Running PopGLen on a cluster using a job queue
PopGLen is primarily made for running on a high performance computing system that has a job scheduler. This system allows for each rule to be submitted as a single job on a system with a large number of nodes, enabling large levels of parallelization. Snakemake is well integrated to many job scheduling systems, and some examples can be found on the Snakemake plugin catalog.
Command line options for cluster execution
Here, we will walk through what an execution might look like on an HPC with the SLURM job scheduler. This requires a conda environment with Snakemake installed, along with the snakemake-executor-plugin-slurm installed:
conda create \
-n popglen \
-c conda-forge -c bioconda \
snakemake=8.25.0 \
snakemake-executor-plugin-slurm
conda activate popglen
## OR, if you already set up a popglen environment and just need to add the
## executor plugin:
conda activate popglen
conda install -c conda-forge -c bioconda snakemake-executor-plugin-slurm
Once you've set up a working directory and workflow for PopGLen, you can run it using the following command:
snakemake --use-conda --use-singularity --executor slurm \
--set-resources slurm_account=<project> slurm_partition=<partition name>
This will ensure that rules will be submitted as jobs to the job queue, by
default using the SLURM account and partition defined in --set-resources
. The
values entered for these will depend on your system, but would be the equivalent
of the account and partition options you set in the header of SLURM scripts:
#SBATCH -A <project>
#SBATCH -p <partition name>
Combining command line options into a profile
You may wish to set a few more options, such as the maximum number of threads available to each job, the maximum number of jobs to have running and in the queue at once based on your queue's limits, and how many local cores to use for rules that run outside the job system (in PopGLen these are quick commands like making lists of BAM files or making symbolic links). These quickly begin to add up, so take a look at how we define these all in an example profile for the HPC system Dardel at PDC:
restart-times: 3
local-cores: 1
use-conda: true
use-singularity: true
jobs: 999
keep-going: true
max-threads: 128
executor: slurm
singularity-args: '--tmp-sandbox -B /cfs/klemming'
default-resources:
- "mem_mb=(threads*1700)"
- "runtime=60"
- "slurm_account=<account>"
- "slurm_partition=shared"
- "tmpdir='/cfs/klemming/scratch/u/user'"

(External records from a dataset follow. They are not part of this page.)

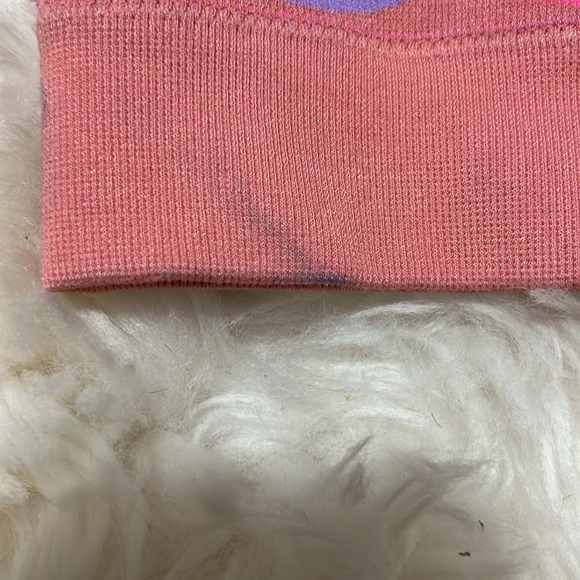 Fabletics Dottie Geo Seamless Bra Pink Rave Geo Multi  Scoop neck medium - Picture 4 of 5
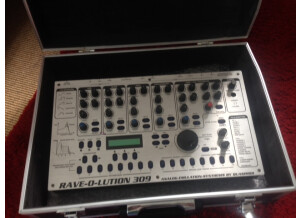 Quasimidi Rave-O-Lution 309 (38281)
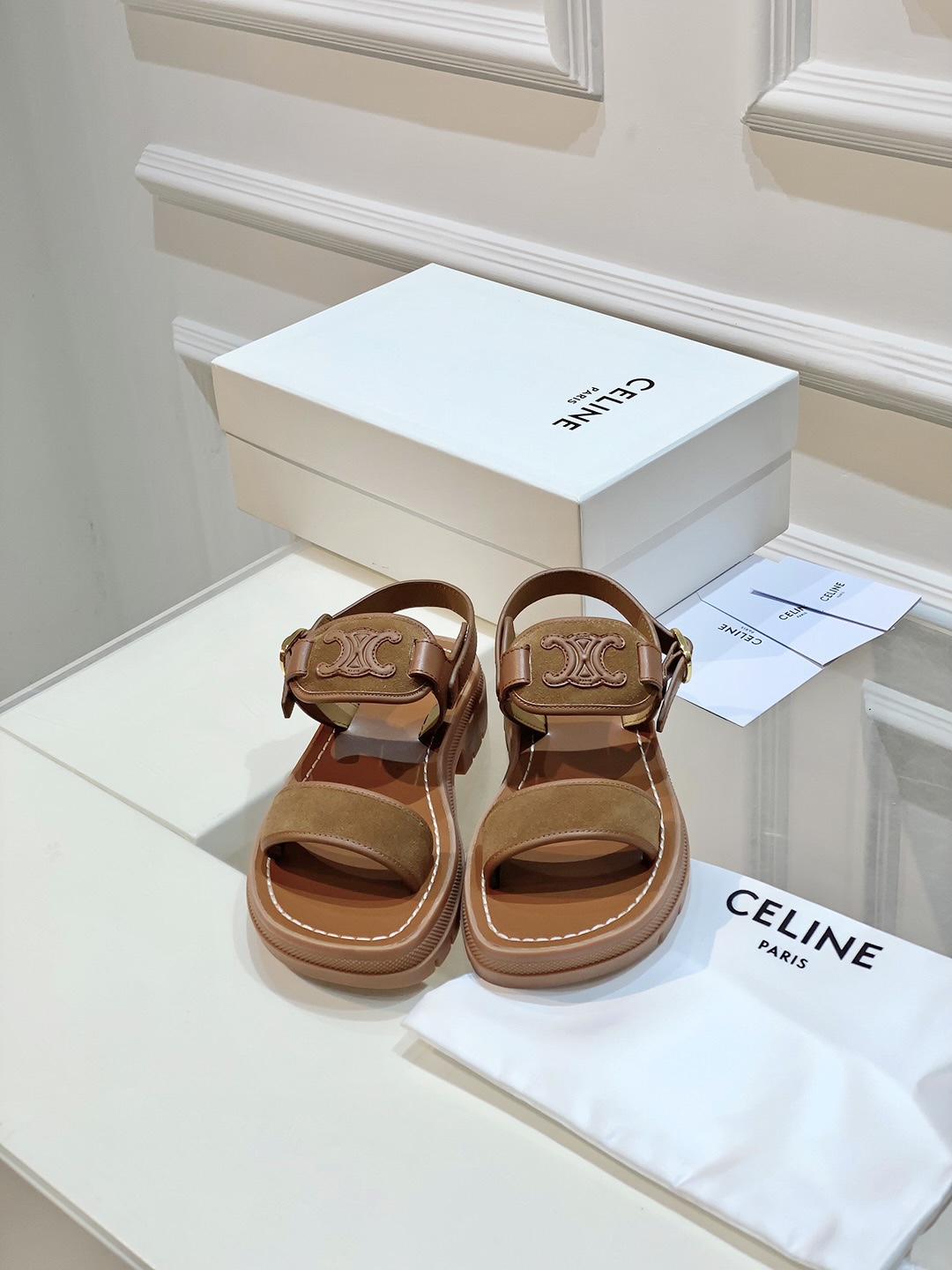 饾悅饾悇饾悑饾悎饾悕饾悇 New Retro Roman Sandals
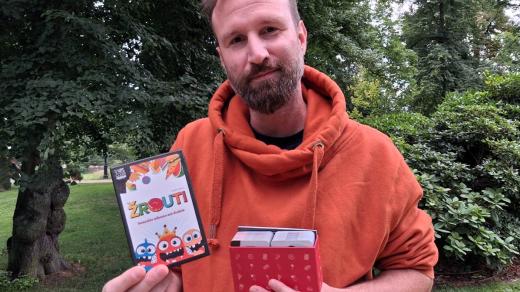 Grafický designer Ondřej Musil z Liberce je autorem karetní hry Žrouti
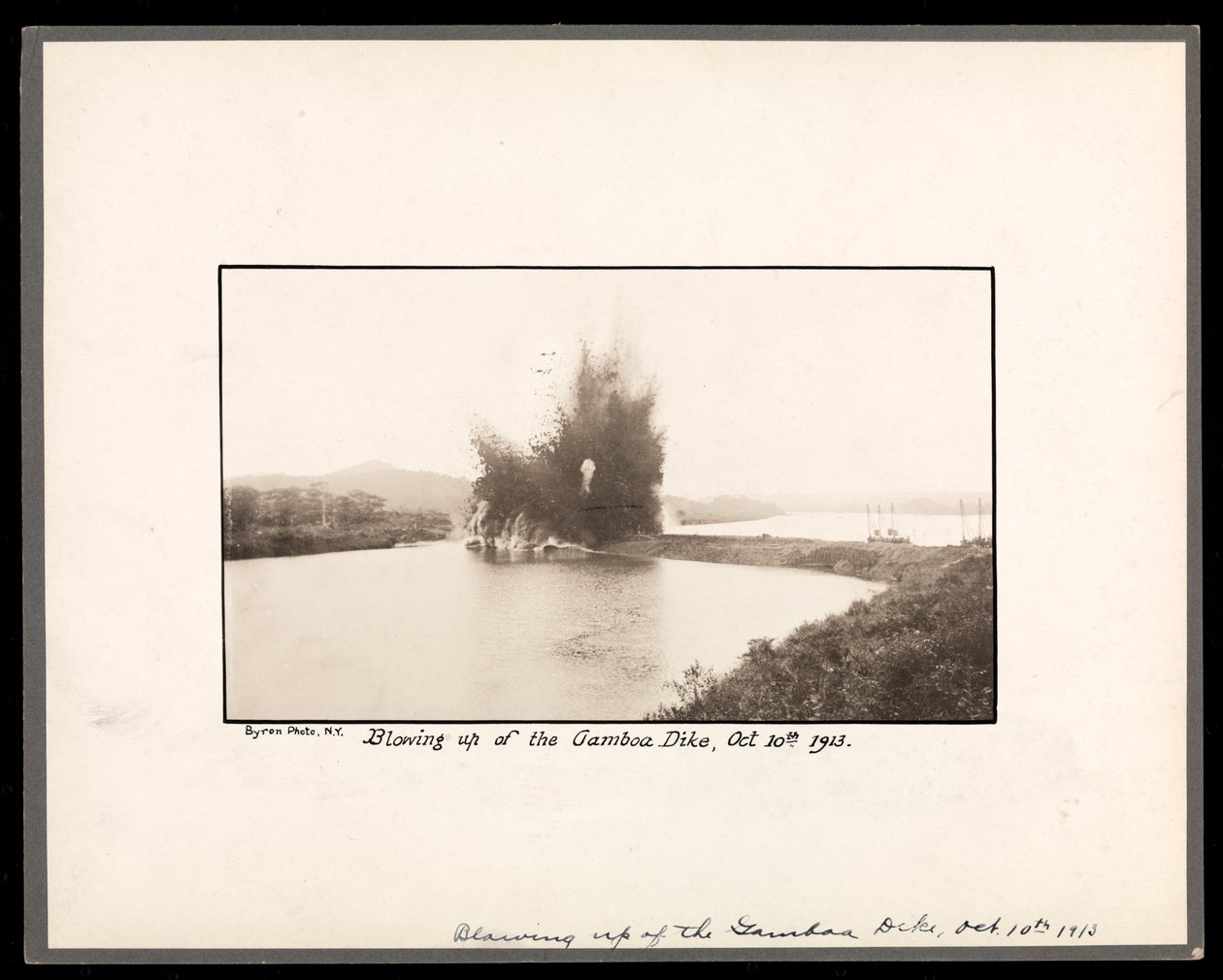 Widok eksplozji podczas wysadzenia grobli Gamboa podczas budowy Kanału Panamskiego, 10 października 1913 (srebrny odbitka żelatynowa) autorstwa Byron Company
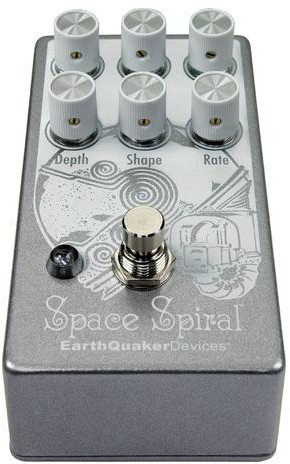 EarthQuaker Devices Space Spiral V2 / Analog-Voiced Digital Delay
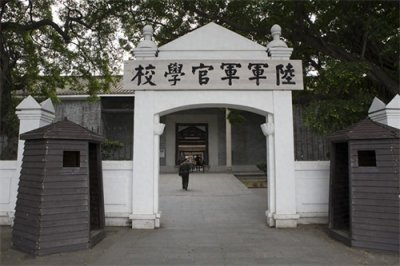 ​敌我名将对峙，黄埔一期的两位巨擘，究竟谁更胜一筹？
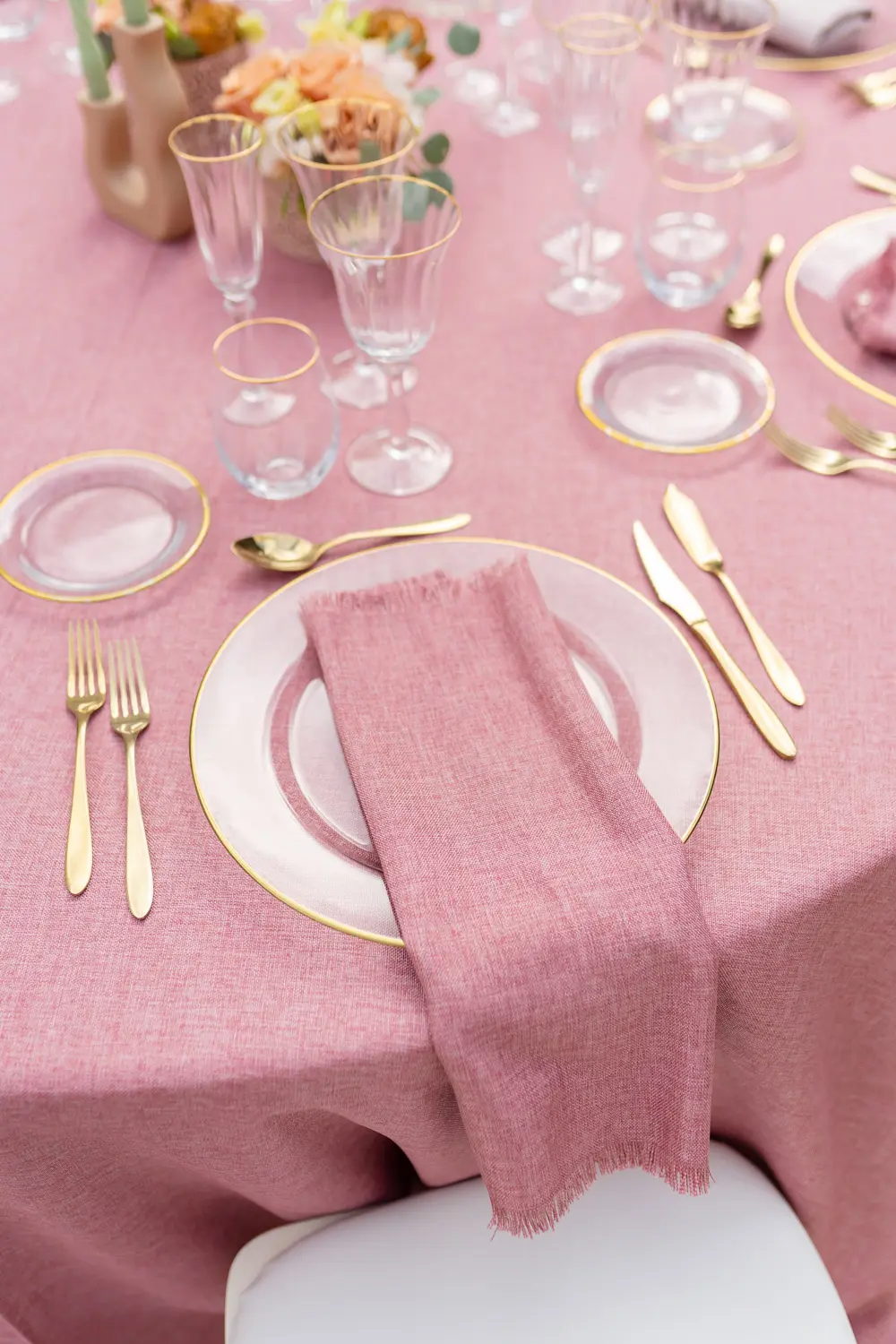 Montaje de boda en rosa y dorado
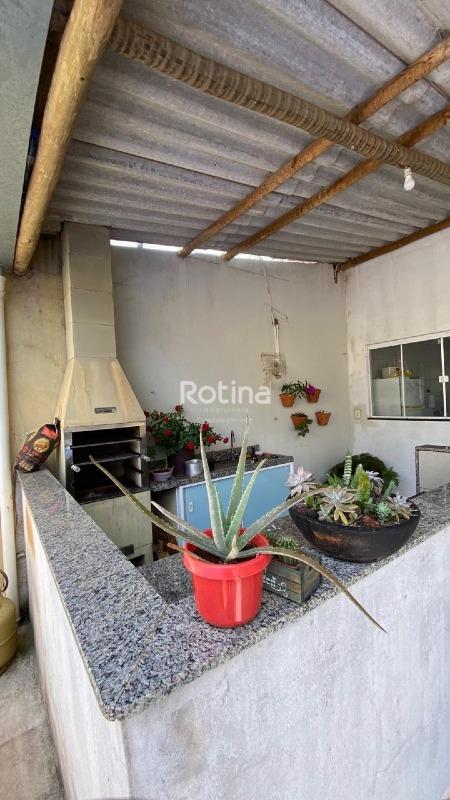 Casa à venda, 3 quartos em Uberlândia no bairro Laranjeiras no valor de R$ 470.000,00 - Rotina Imobiliária: 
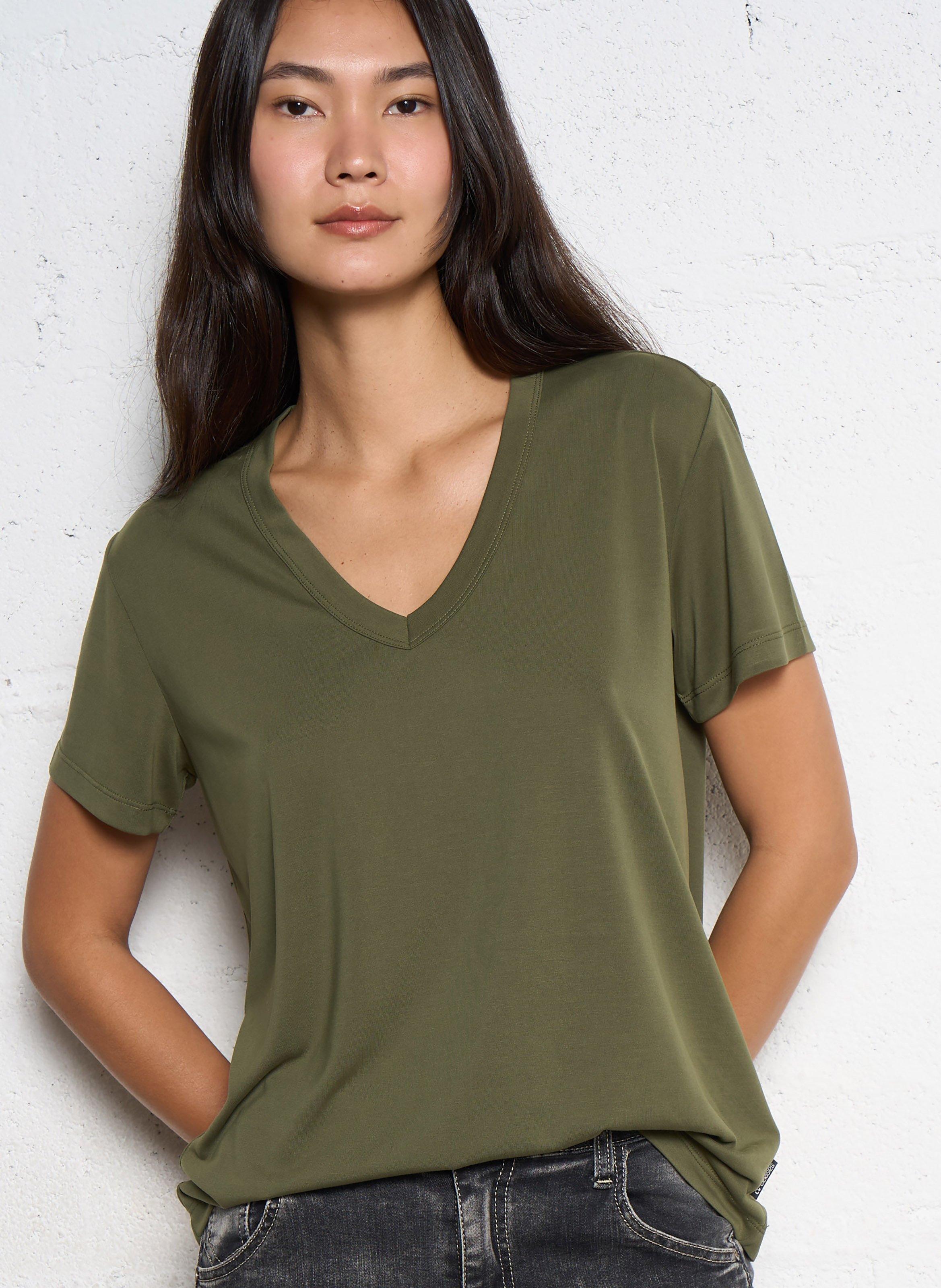 Straight-fit T-shirt met V-hals LE TEMPS DES CERISES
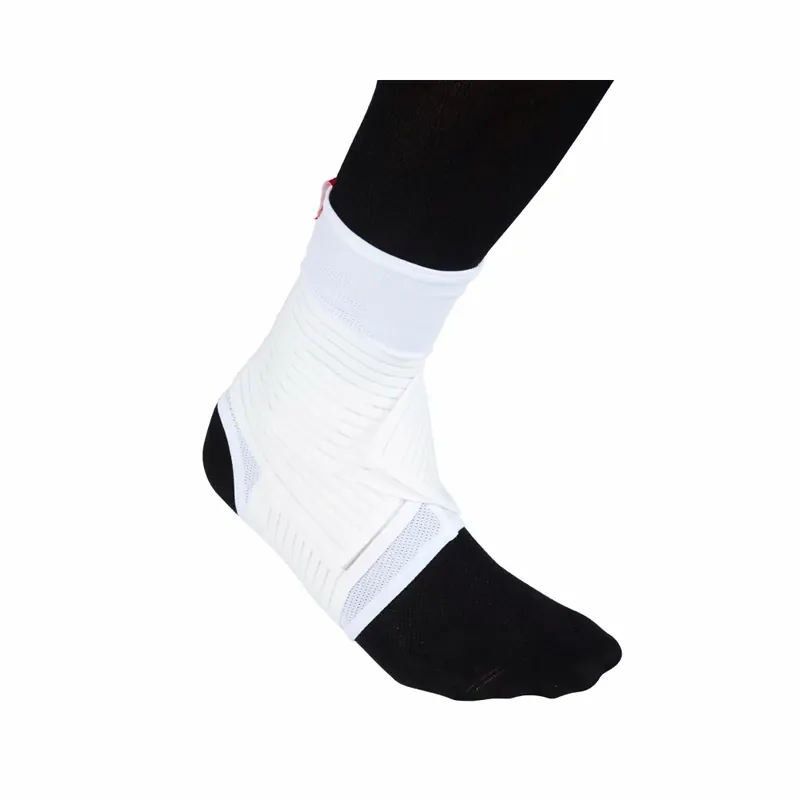 Finální Výprodej Ortéza na kotník McDavid Ankle Support Mesh with Straps 433 White XL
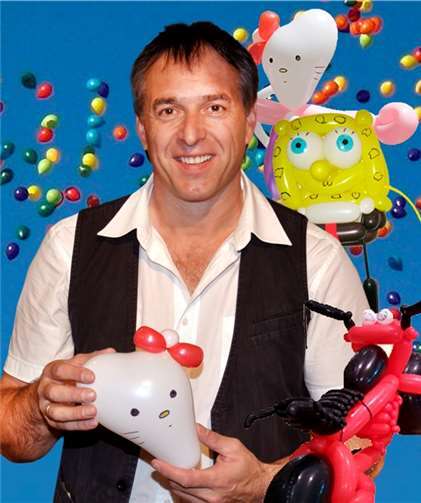 Beim einzigartigen Non-Stop Showprogramm ist auch der Magier Joachim Lauer zu erleben.Privat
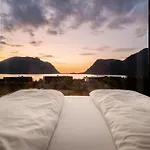 Hoda - Luxury With Jacuzzi And Sauna Дом отдыха *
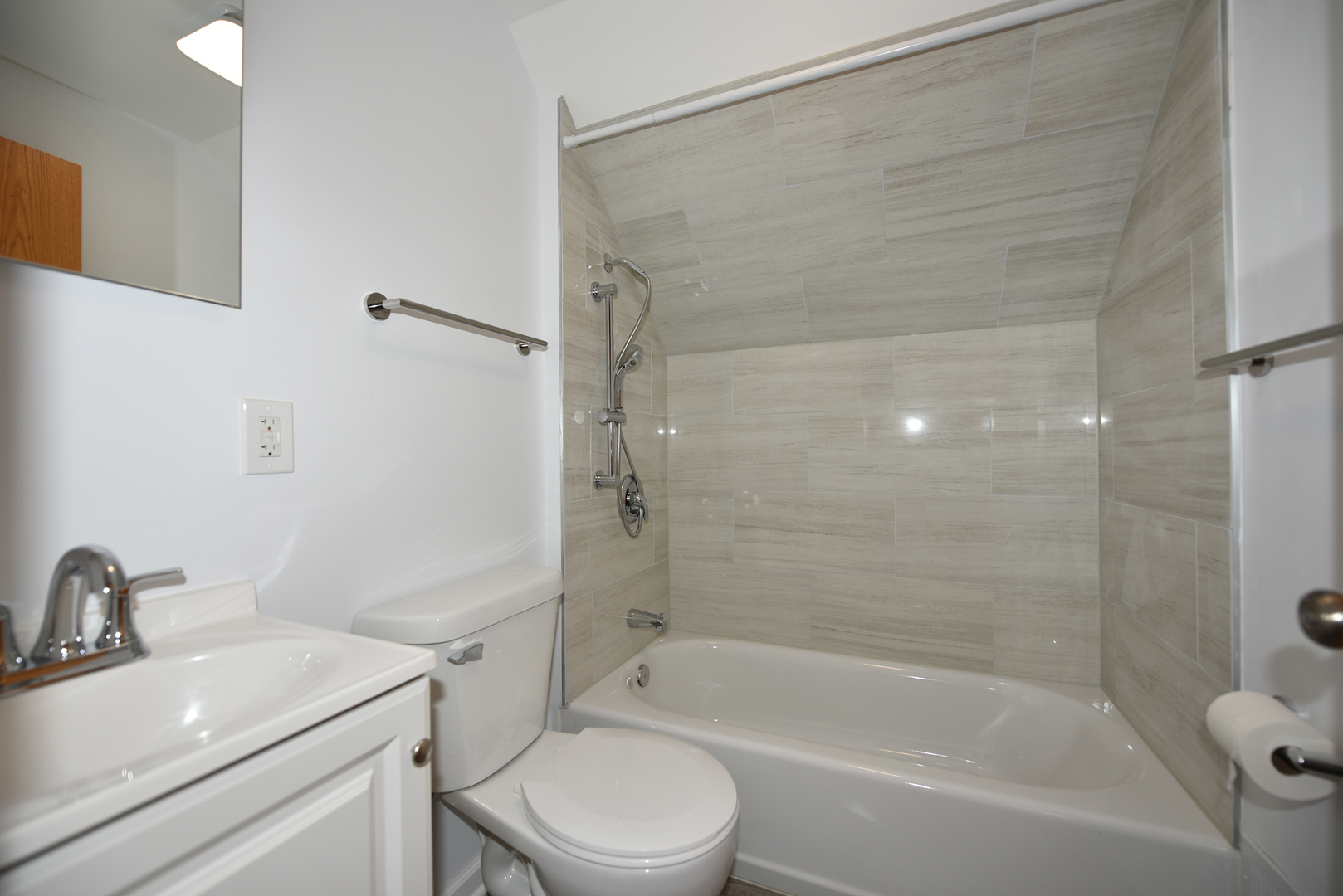 502 Manchester Road Normal, IL 61761 - Photo 17 of 29 a bathroom with a sink toilet and shower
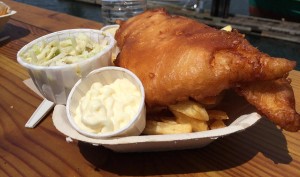 Cod & Chips bei Red Fish Blue Fish im Hafen von Victoria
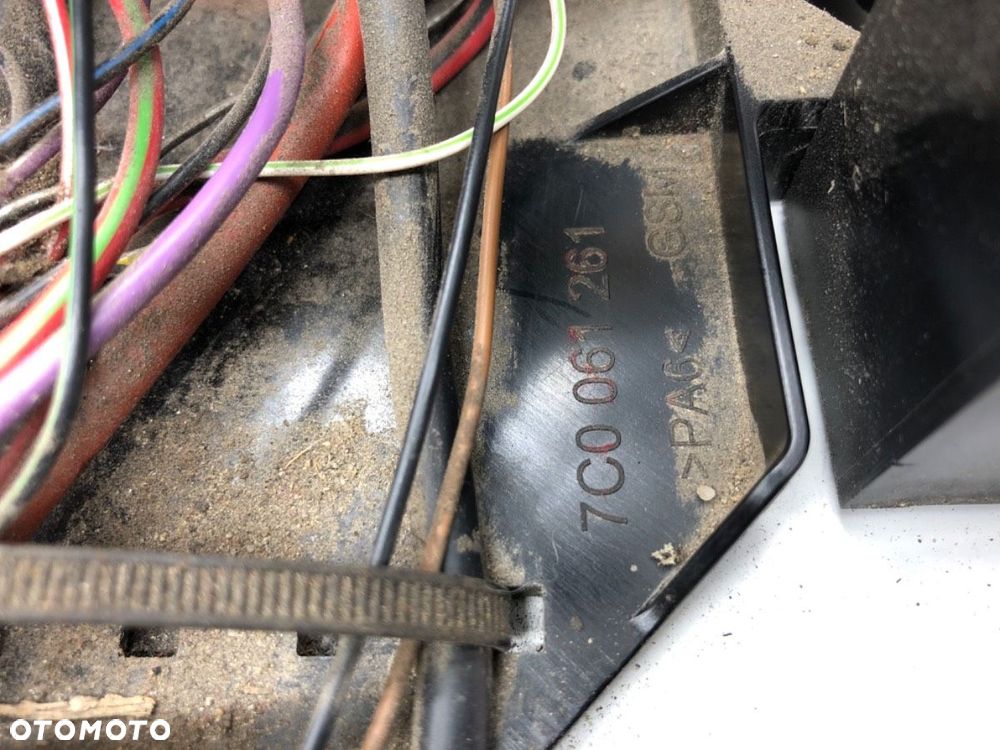 SKRZYNKA BEZPIECZNIKÓW  MAN TGE Autobus 2017 - 2022 2.0 TDI 130 kW [177 KM] olej napędowy 2017 - - 6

Assuming we place this file in the working directory under profiles/dardel
,
we can run Snakemake with simply:
snakemake --profile ./profiles/dardel
and it will automatically use the options defined in the profile. Here, we allow up to 3 retries for failed jobs, 1 local core for running local jobs, enable both conda and singularity usage, set a max of 999 jobs to be running at once, tell rules to keep going if one fails, set a maximum of 128 threads for a single job (the size of a node on Dardel), define SLURM as the executor, set some required arguments to be passed to Singularity on Dardel, and set several default resources, including giving each rule 1.7GB memory per thread, which is the amount available on Dardel's shared partition. We also set the temporary directory to use, as it is not set on Dardel by default.
Note, that if you're not on Dardel, this will need some changes, so make a new
profile that matches your system. You'll likely need to change max-threads
,
slurm_account
, slurm_partition
, and tmpdir
. mem_mb
can have 1700 changed
to match the amount of memory your system has per core. singularity-args
is
specific to Dardel, and can be omitted, unless your system requires something
similar. At the minimum, -B /cfs/klemming
will need to be changed or removed.
Executing the workflow while away using Screen
If you run Snakemake in the login shell of your system, it will cancel when you logout, which is not ideal for the expected long runtimes for processing WGS data. If your system lets you submit new jobs from within other jobs, you can submit your Snakemake command as a long running SLURM job. Be sure to activate the conda environment for PopGLen either inside the job before running Snakemake or before submitting the job, as the job inherits your active environment.
If you can't submit jobs from inside other jobs, or you would like the option to interact with it while its running, you can run it inside a screen, if screen is available on your system. First start a new screen:
screen -S project-name
This will open up a virtual terminal that will stay active as long as your system is online. Inside this terminal, you can activate snakemake, do dry runs, and start the workflow:
conda activate popglen
# do a dry run
snakemake --profile ./profiles/my-cluster -n
# do a real run
snakemake --profile ./profiles/my-cluster
Snakemake will then submit jobs from inside the screen. You can disconnect from the screen with CTRL-A + D, and safely log out without Snakemake being interrupted. Then, you can go back in by resuming your screen:
screen -r project-name
and see how far it has gotten (or if it fails and you need to change something).
When you're done with a screen, you can kill it with CTRL-A + K.